We hang out. We drink coffee and cocoa. We watch movies. We nap. We play board games. It’s like heaven.
This article asked the question last week:
What if, in 2020, the change voters want is actually a pause — not for the long expanse of 8 years but for 4, time to recover from the craziness of life . . .?
As the article suggests, my teeth hurt from all the crazy, the backbiting, the brokenness. I am not promoting any particular candidate (although the WaPo article is), but I’m loving the idea of a national PJ Day when we hang out with people who agree with us and people who disagree with us. Let’s drink coffee and cocoa together. Let’s watch movies and nap and play board games.
We need a little time to reset our priorities and temper our tempers. The alternative will only continue to rip our nation apart.
Can we do this? Take a political breather?
Image of the Co-Moderators of the 222nd General Assembly of the Presbyterian Church USA that time they took a PJ Day in 2017.
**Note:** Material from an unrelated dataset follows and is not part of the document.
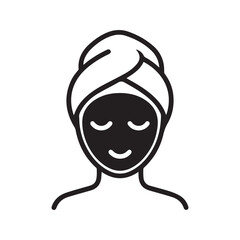 Facial mask icon, woman with towel wrap enjoying spa skincare treatment, beauty vector graphic.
A political breather certainly seems nice in theory. My issue is that the politics go beyond disagreement when the politics of far too many are practically advocating for violence towards the disenfranchised. I agree it’s necessary to diconnect from the madness, but I’m not rushing to play Connect 4 with people who refuse to see me as truly human. The politics of some threaten the very livelihood of many.